RIO – A Polícia Militar do Rio mudou o policiamento em todo o estado por conta da pandemia de coronavírus. Desde o último dia 23, o comando da corporação determinou que todos unidades operacionais da corporação façam comboios em áreas com concentração de supermercados e bancos para evitar saques e arrombamentos. A ordem vale até o dia 13 abril, novo prazo dado pelo governador Wilson Witzel para a medidas restritivas de circulação no estado.

O Jornal Povo teve acesso a ordens de policiamento — documentos internos em que o comandante orienta seus subordinados — de cinco batalhões: dois da capital, um da Baixada Fluminense e outros dois do interior. Em todos, agentes que fazem patrulhamento de trânsito (em carros e em motos), rondas por escolas e bancos e patrulhamento ostensivo em picapes foram reorientados a se juntar em grandes comboios para circular em áreas com estabelecimentos comerciais 24 horas por dia. O novo modelo, segundo um dos documentos, tem como objetivo “impedir atos de vandalismo, bem como a prática de crimes contra o patrimônio, dando atenção a estabelecimentos comerciais”.

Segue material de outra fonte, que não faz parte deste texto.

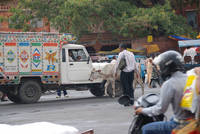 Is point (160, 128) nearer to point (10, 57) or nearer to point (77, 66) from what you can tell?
point (10, 57)

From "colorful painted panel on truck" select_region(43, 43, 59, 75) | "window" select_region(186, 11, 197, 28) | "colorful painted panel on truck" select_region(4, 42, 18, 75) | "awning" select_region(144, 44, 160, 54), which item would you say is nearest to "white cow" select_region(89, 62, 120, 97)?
"colorful painted panel on truck" select_region(43, 43, 59, 75)

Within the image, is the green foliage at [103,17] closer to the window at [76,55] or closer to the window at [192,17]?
the window at [192,17]

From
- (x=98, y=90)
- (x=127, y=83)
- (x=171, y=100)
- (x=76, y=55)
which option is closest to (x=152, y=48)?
(x=98, y=90)

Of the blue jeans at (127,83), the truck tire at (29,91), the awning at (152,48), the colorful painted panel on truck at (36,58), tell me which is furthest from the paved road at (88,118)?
the awning at (152,48)

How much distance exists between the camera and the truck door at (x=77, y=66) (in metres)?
20.4

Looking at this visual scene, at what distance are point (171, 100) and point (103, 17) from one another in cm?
3476

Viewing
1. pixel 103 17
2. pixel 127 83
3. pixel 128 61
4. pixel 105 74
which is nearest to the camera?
pixel 127 83

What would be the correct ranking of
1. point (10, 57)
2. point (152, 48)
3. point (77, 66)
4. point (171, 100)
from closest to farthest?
point (171, 100) < point (10, 57) < point (77, 66) < point (152, 48)

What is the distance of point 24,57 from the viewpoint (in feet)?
65.1

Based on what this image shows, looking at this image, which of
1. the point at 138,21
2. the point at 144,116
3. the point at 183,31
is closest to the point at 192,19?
the point at 183,31

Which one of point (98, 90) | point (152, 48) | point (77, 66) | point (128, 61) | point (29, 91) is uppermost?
point (152, 48)

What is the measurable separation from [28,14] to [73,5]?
583cm

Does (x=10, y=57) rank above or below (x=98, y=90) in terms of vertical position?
above

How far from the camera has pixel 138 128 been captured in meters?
5.39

Cada unidade fez um mapeamento de supermercados e bancos existentes em suas áreas. Na região patrulhada pelo 41º BPM (Irajá), por exemplo, os 25 mercados ou depósitos foram divididos em duas áreas de patrulhamento. Cada uma delas será atendida por um comboio de pelo menos 12 agentes em carros e motos.

PMs passaram a agir em comboios
PMs passaram a agir em comboios Foto: Divulgação PM

O patrulhamento também será feito em mercados e bancos fechados. Os PMs da unidade também foram orientados a “atentar para estabelecimentos próximos a comunidades”. Além de pistolas e fuzis, os agentes vão circular com armamento não-letal — granadas de luz e som e balas de borracha.

Policiais foram orientados sobre como se portar diante de “aglomerações de pessoas”: “o policial militar poderá fotografar e filmar todos aqueles que descumprirem” o decreto de Witzel, que determinou a prorrogação das medidas restritivas. Segundo a determinação, o material vai “instruir ato de comunicação ao MP, sem prejuízo da instauração de procedimento investigatório para apurar ocorrência de crime e infração administrativa”.

O documento também orienta os agentes que “não cabe à Polícia Militar determinar o fechamento ou abertura compulsório de estabelecimentos comerciais, exceto em apoio a Órgão Municipal, Vigilância Sanitária ou por determinação do Poder Judiciário”.

Ficaram de fora da orientação PMs que integram a Patrulha Maria da Penha, especializada em casos de violência contra a mulher, e os Grupamentos de Ações Táticas (GAT), que seguem responsáveis por reprimir tráfico de drogas e roubos de cargas.

Procurada pelo Jornal Povo, a PM alegou que “todas as suas ações operacionais — sejam elas para áreas comerciais ou em comunidades carentes — são planejadas a partir de dados colhidos e processados pelo setor de inteligência da corporação”.